-- Task description --
Output only the lines of the entries that follow, starting at the one with "A colorful handwritten" and running down to the one with "A collection of", both included and unchanged.

Crawled caption data:

———

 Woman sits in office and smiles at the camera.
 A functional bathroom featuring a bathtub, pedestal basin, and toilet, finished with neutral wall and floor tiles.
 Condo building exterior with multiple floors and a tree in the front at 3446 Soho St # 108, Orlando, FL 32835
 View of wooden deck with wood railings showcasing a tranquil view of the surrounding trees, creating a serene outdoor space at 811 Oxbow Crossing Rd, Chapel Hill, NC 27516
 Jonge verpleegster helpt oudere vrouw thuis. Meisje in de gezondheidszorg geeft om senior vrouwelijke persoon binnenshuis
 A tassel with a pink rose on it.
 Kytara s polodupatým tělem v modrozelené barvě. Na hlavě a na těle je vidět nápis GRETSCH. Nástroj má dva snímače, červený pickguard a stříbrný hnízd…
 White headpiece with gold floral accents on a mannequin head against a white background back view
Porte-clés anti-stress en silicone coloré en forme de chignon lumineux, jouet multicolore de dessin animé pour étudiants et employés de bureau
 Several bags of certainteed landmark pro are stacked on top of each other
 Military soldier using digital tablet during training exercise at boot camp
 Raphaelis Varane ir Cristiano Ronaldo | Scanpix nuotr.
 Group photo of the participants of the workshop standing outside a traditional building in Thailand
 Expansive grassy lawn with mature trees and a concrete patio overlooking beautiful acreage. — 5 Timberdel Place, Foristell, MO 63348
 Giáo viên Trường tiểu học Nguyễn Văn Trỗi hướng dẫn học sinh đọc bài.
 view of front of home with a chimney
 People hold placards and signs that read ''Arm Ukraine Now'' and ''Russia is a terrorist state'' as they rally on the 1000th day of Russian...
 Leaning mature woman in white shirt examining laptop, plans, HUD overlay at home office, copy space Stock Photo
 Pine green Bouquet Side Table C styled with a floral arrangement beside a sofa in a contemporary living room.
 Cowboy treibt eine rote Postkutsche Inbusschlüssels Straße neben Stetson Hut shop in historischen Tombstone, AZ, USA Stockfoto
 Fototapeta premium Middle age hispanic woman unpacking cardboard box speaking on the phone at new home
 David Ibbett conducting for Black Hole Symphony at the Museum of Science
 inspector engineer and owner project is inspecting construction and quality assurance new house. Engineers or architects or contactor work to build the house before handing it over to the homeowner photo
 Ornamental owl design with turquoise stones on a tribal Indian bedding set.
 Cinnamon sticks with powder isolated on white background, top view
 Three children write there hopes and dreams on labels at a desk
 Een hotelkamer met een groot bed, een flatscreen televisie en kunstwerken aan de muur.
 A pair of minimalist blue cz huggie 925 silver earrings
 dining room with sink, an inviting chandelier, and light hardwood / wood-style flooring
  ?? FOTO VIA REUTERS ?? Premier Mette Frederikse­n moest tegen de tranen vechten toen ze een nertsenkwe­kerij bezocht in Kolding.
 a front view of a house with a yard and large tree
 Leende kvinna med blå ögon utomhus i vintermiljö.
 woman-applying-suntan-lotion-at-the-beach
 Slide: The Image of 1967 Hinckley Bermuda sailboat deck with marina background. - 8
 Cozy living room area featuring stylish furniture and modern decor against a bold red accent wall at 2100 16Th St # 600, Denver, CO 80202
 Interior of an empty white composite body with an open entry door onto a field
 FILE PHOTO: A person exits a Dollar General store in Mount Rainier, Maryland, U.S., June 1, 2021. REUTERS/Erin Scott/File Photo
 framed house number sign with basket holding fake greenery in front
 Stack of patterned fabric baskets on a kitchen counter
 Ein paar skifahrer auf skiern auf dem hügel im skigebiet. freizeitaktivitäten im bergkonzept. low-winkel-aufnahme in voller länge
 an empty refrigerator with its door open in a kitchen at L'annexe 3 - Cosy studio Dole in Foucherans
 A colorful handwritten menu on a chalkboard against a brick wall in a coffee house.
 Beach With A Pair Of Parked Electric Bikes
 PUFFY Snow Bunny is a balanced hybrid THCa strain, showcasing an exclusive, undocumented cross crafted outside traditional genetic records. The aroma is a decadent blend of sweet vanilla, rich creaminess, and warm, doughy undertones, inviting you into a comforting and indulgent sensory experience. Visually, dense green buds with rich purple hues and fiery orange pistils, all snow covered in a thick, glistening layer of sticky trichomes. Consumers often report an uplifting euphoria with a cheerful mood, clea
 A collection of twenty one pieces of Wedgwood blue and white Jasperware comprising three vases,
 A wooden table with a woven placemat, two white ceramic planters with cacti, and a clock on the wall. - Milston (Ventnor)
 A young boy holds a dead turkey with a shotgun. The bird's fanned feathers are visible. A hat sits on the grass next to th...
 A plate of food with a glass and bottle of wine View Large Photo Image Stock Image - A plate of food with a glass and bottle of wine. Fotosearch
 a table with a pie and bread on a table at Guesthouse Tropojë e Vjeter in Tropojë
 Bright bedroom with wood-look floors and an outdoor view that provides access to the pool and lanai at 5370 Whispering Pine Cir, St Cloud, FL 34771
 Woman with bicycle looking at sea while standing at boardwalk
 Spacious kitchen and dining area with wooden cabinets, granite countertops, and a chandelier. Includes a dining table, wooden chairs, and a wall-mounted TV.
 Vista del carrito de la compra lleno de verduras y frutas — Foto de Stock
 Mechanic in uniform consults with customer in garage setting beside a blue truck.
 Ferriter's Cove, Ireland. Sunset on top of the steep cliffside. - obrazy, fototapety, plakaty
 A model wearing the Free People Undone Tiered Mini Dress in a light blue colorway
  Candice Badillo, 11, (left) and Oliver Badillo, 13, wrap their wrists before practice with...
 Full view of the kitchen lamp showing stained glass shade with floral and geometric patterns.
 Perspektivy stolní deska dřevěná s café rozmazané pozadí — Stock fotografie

———

-- Answer for the task --
 A colorful handwritten menu on a chalkboard against a brick wall in a coffee house.
 Beach With A Pair Of Parked Electric Bikes
 PUFFY Snow Bunny is a balanced hybrid THCa strain, showcasing an exclusive, undocumented cross crafted outside traditional genetic records. The aroma is a decadent blend of sweet vanilla, rich creaminess, and warm, doughy undertones, inviting you into a comforting and indulgent sensory experience. Visually, dense green buds with rich purple hues and fiery orange pistils, all snow covered in a thick, glistening layer of sticky trichomes. Consumers often report an uplifting euphoria with a cheerful mood, clea
 A collection of twenty one pieces of Wedgwood blue and white Jasperware comprising three vases,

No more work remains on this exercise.